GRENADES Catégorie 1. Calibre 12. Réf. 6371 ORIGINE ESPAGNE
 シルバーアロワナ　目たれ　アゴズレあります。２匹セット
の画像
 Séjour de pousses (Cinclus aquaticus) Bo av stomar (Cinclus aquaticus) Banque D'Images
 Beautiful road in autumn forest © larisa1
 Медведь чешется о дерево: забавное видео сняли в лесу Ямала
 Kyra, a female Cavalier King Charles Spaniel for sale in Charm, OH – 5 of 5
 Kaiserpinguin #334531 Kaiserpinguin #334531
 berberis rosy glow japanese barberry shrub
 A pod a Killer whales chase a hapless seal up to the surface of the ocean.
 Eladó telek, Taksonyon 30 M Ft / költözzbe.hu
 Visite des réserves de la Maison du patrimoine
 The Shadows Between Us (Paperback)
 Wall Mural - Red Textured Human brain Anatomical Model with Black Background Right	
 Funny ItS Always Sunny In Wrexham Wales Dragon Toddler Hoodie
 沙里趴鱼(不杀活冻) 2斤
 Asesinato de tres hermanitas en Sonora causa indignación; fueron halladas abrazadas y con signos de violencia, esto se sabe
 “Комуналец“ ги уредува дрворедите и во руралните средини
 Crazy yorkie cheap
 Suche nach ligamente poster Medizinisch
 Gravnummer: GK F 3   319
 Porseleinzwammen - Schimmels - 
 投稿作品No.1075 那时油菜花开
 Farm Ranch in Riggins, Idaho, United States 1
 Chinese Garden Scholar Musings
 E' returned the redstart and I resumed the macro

=-=-=

#### [TASK GOAL]
Everything from the line containing "沙里趴鱼(不杀活冻) 2斤" to the end of the data above should be quoted exactly, please, both ends included, and nothing outside that span.

#### [WRITTEN RESPONSE]
 沙里趴鱼(不杀活冻) 2斤
 Asesinato de tres hermanitas en Sonora causa indignación; fueron halladas abrazadas y con signos de violencia, esto se sabe
 “Комуналец“ ги уредува дрворедите и во руралните средини
 Crazy yorkie cheap
 Suche nach ligamente poster Medizinisch
 Gravnummer: GK F 3   319
 Porseleinzwammen - Schimmels - 
 投稿作品No.1075 那时油菜花开
 Farm Ranch in Riggins, Idaho, United States 1
 Chinese Garden Scholar Musings
 E' returned the redstart and I resumed the macro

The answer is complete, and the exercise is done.